◆ **TASK TO CARRY OUT**:
An exact copy of the data below is needed; please leave out any pictures.

◆ **RECORD EXTRACTS**:

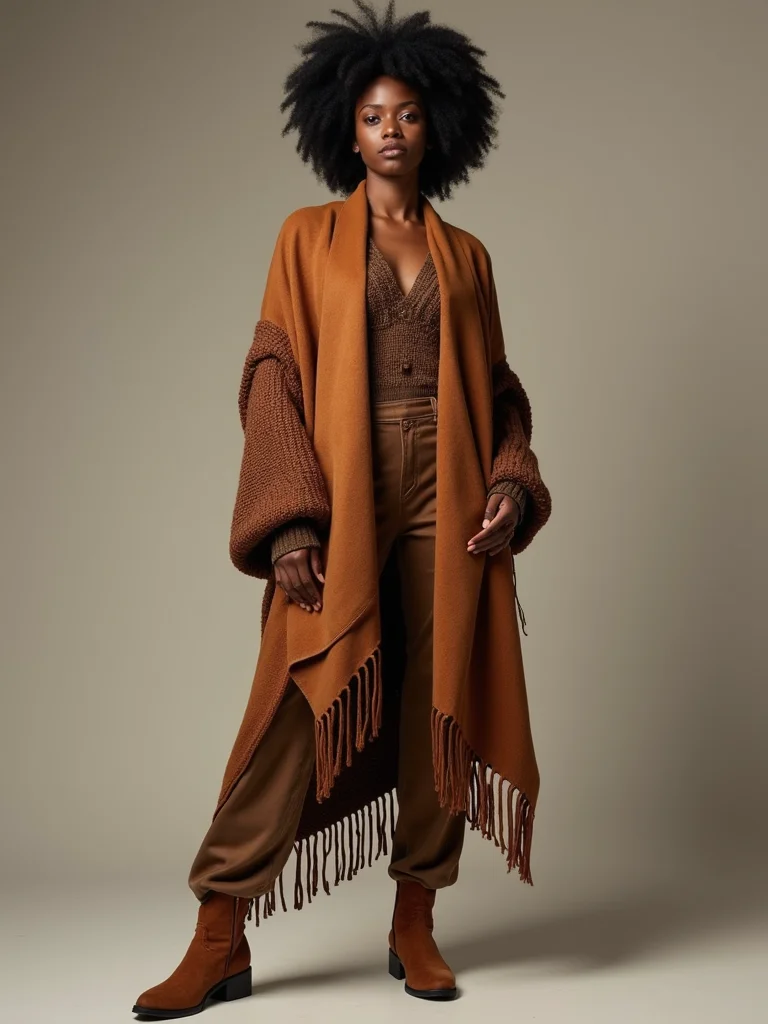suede knit asymmetrical statement shawl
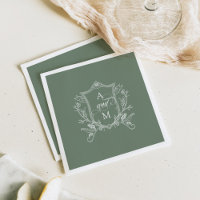 Mariage au motif de crête vintage vert sauge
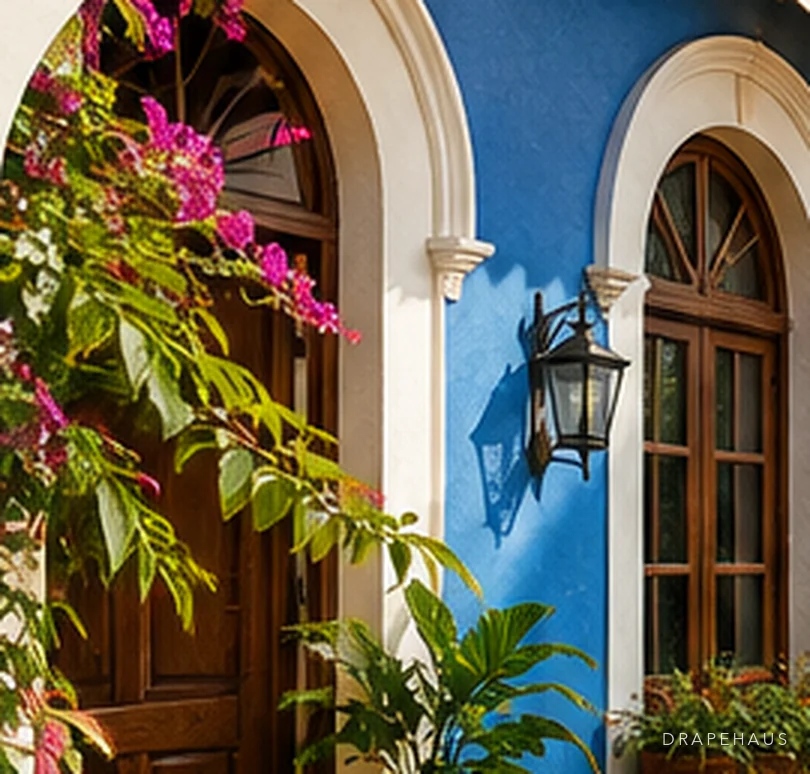 Bougainvillea against the cobalt-washed wall of a Goan house beside arched timber doors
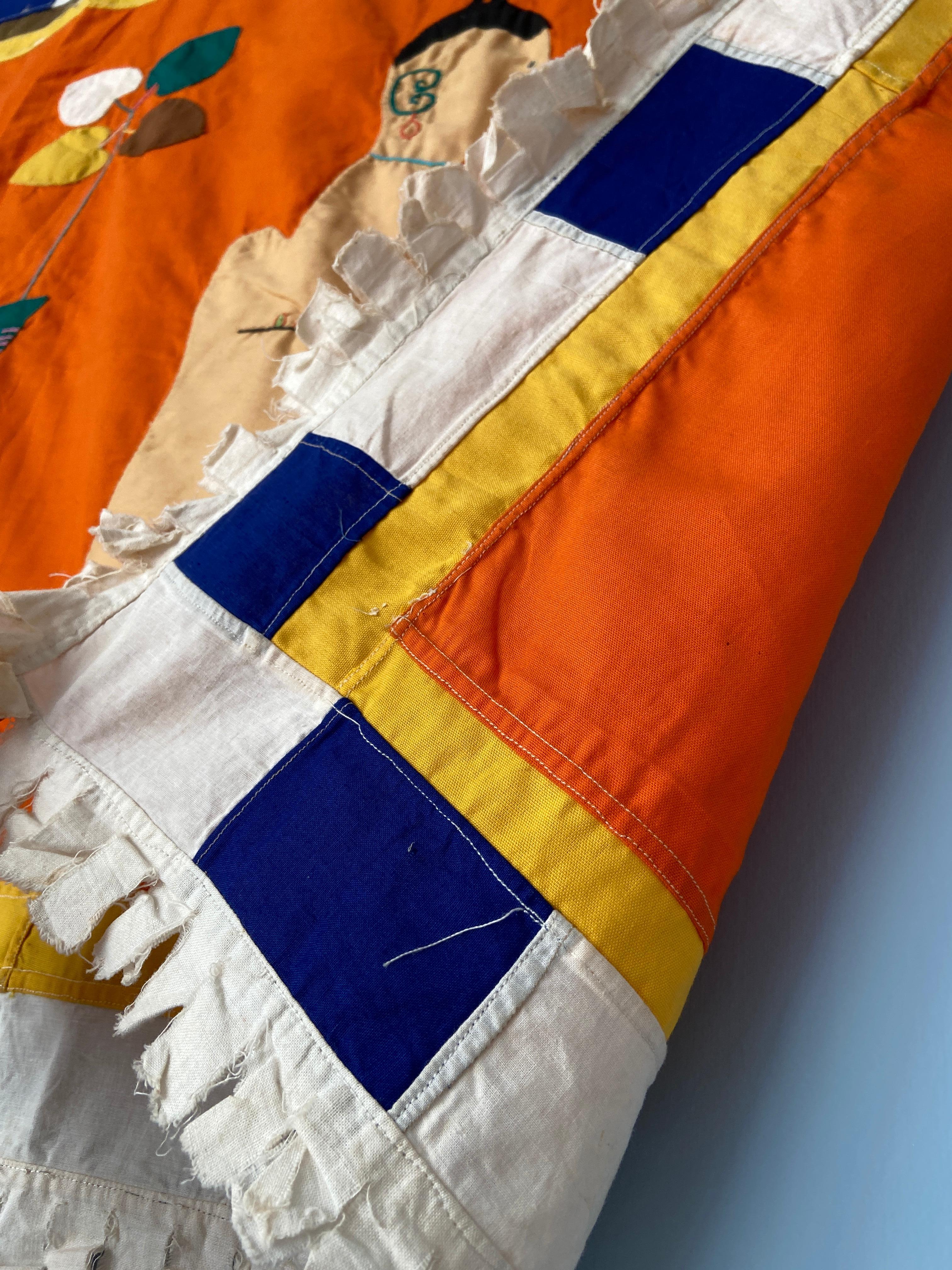 Vintage Asafo Flag in Orange Appliqué Patterns by the Fante People, Ghana 1970's 4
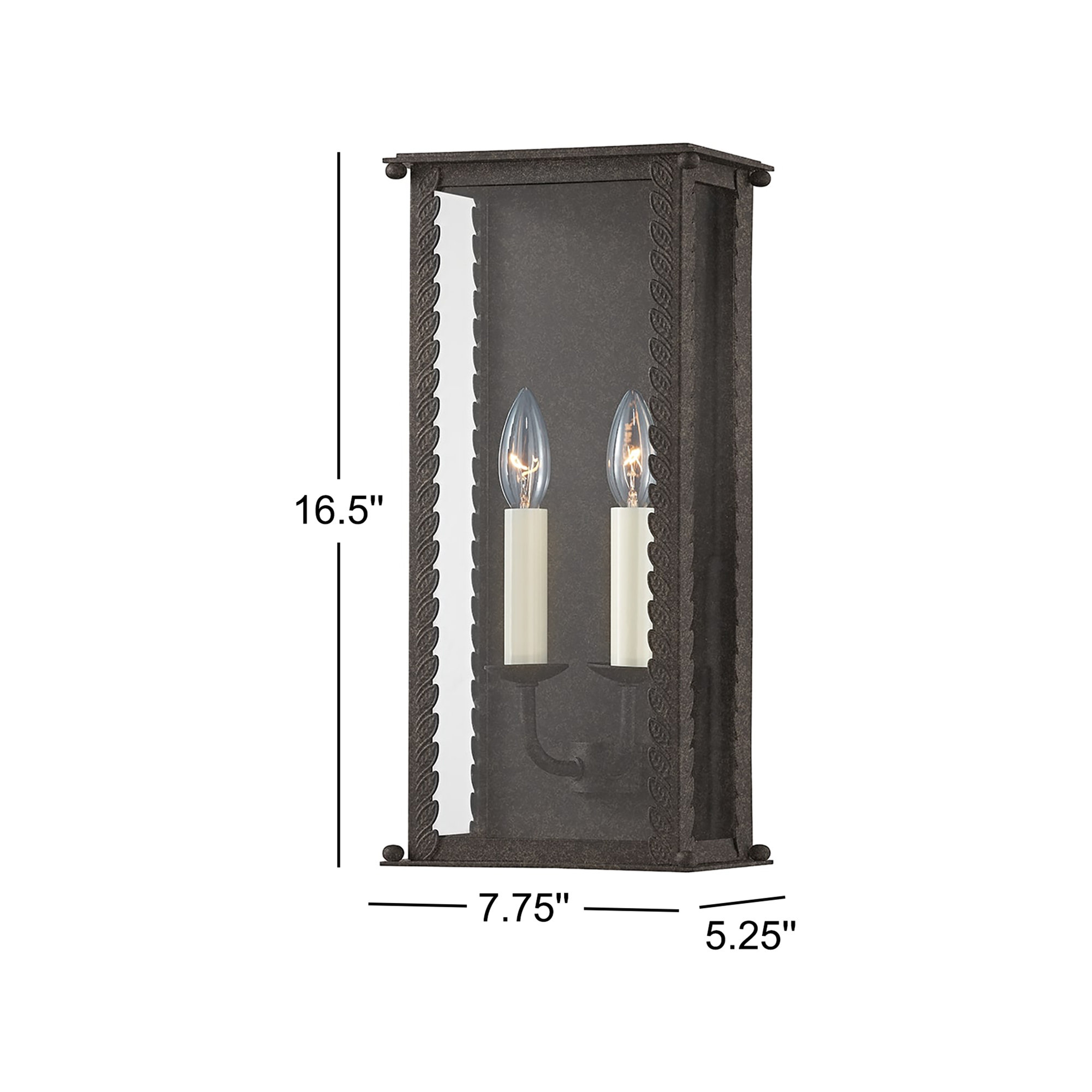 Zuma Light Wall Sconce, French Iron, 16.5" H x 7.75" W x 5.25" D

◆ **SOLUTION TO THIS EXERCISE**:
suede knit asymmetrical statement shawl
 Mariage au motif de crête vintage vert sauge
 Bougainvillea against the cobalt-washed wall of a Goan house beside arched timber doors
 Vintage Asafo Flag in Orange Appliqué Patterns by the Fante People, Ghana 1970's 4
 Zuma Light Wall Sconce, French Iron, 16.5" H x 7.75" W x 5.25" D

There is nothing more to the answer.